PROFAFOR’s non-indigenous pines dry out and crack the soils, not only because they disturb the existing vegetative cover, but also because their nature is to use a great deal of water. Organic matter and biological activity decline, uncompensated for by the fall of pine needles. Soils tend to be transformed from water retainers to water repellents, and surrounding flora and fauna are deprived of food habitat.

The threat is not only to local hydrology, but also, ironically, to local carbon storage capacity. Subject to less extreme variations in temperature and humidity than the drier Southern Andean zone known by the indigenous term puna, the paramo stores in its thick layers of soil vast amounts of carbon – perhaps 1,700 tonnes per hectare in the case of Carchi province,
more than a tropical forest – but only as long as the soils are not exposed to the air and to increased erosion through planting operations and firebreaks.

In addition, the carbon in the trees is at risk from fire. In the community of SigSig in Azuay province, fires have already killed or stunted the growth of many pines. And fires are likely to recur continuously, given a fire-prone natural flora, traditional burning practices used to encourage fodder regrowth, strong winds, firebreaks that are too few and too narrow, and the lack of permanent wardens or fire-fighting equipment. The yellowish needles appearing on numerous local stands of Pinus patula signal the species’ poor adaptation to the Andean environment, possibly indicating lack of a crucial micronutrient or of the mycorrhizal fungi that facilitate the tree’s nutrient absorption in its native environment. Animals have meanwhile broken off many terminal shoots, giving rise to a bushy growth which may prevent the trees from developing trunks suitable for thesawmill. Growth is also noticeably slow.

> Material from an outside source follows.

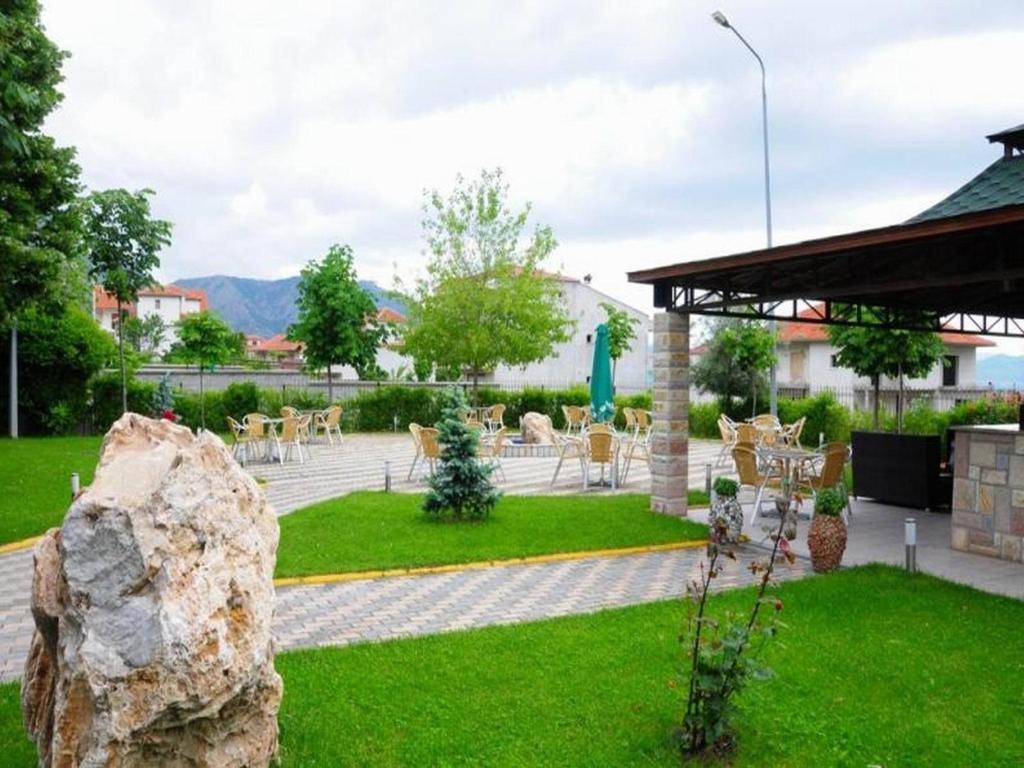 Hotel George Корча Екстер'єр фото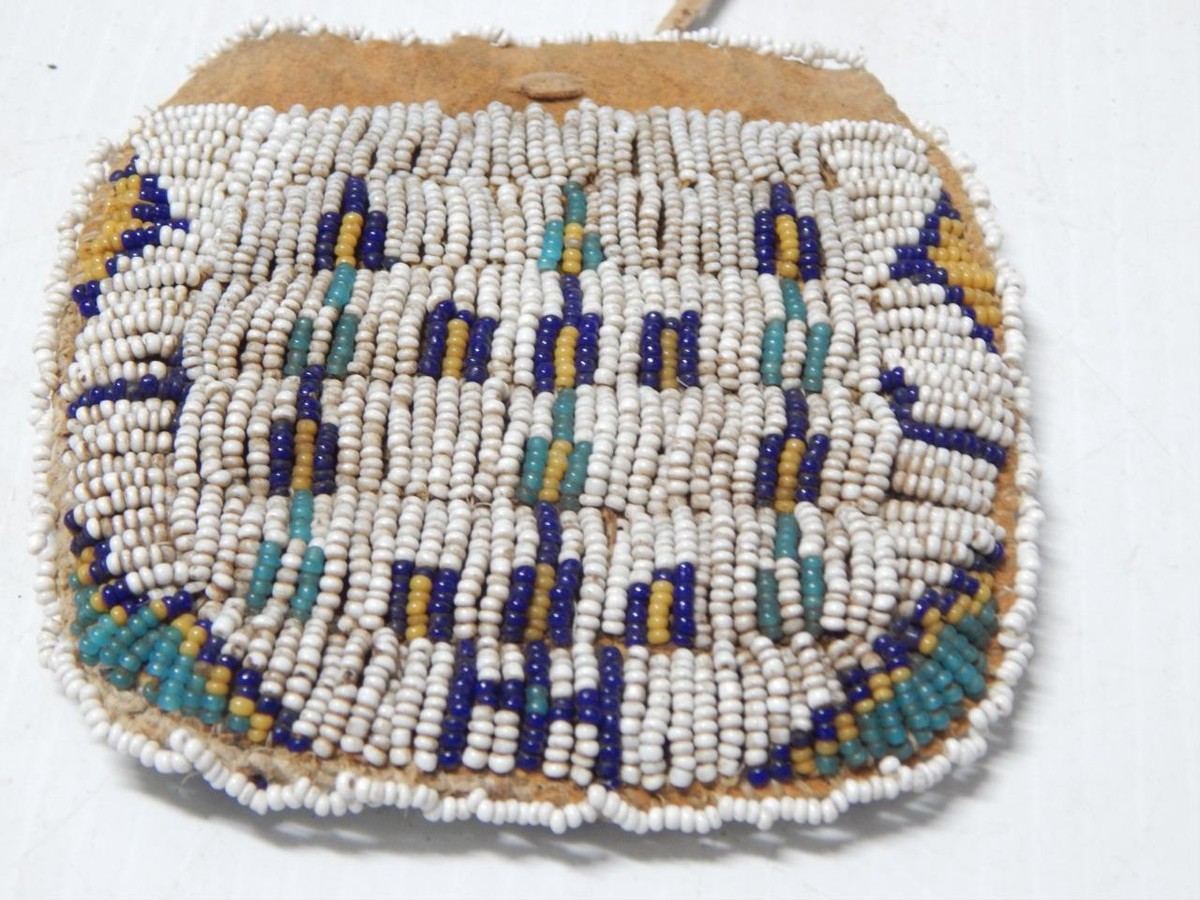 ANTIQUE c1870-90s SIOUX PLAINS INDIAN SINEW BEADED ON BUFFALO BOTH SIDES  POUCH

Q. Wait a minute! Are you telling me that a project which was designed
to absorb carbon may actually be EMITTING carbon?

That was exactly the conclusion reached by scholar Veronica Vidal in a recent doctoral dissertation on environmental management at the Autonomous University of Barcelona. Vidal found not only that the soils under PROFAFOR plantations are releasing more carbon than the firm takes account of, but also that the pine plantations are capable of absorbing less carbon than it claims. She concluded that the net carbon balance in PROFAFOR plantations may well be negative: “We are facing a lose-lose situation, in which those who most lose are the future generations that will have to face the problems of climate change.”

Q. But I've heard that according to PROFAFOR, local soils have been “degraded by
extensive use”, and planting pine and eucalyptus in the paramo will restore
them and prevent erosion.

Although some of the sites used by PROFAFOR, situated between roughly 3,200 and 4,800 metres, have been used for grazing, they have not usually been cultivated, due to their remoteness and harsh climate. The idea that the soils on these sites, which still fulfil their original functions, are being degraded in any way that pine plantations could remedy is simply
false. As for erosion, it is the pine plantations and their firebreaks themselves that are likely to create the greater problem. Under the PROFAFOR project, villagers are obliged to construct firebreaks in which the pajonal grasses protecting the soil of the paramo are uprooted in a strip bordering the plantation, leaving the soil exposed.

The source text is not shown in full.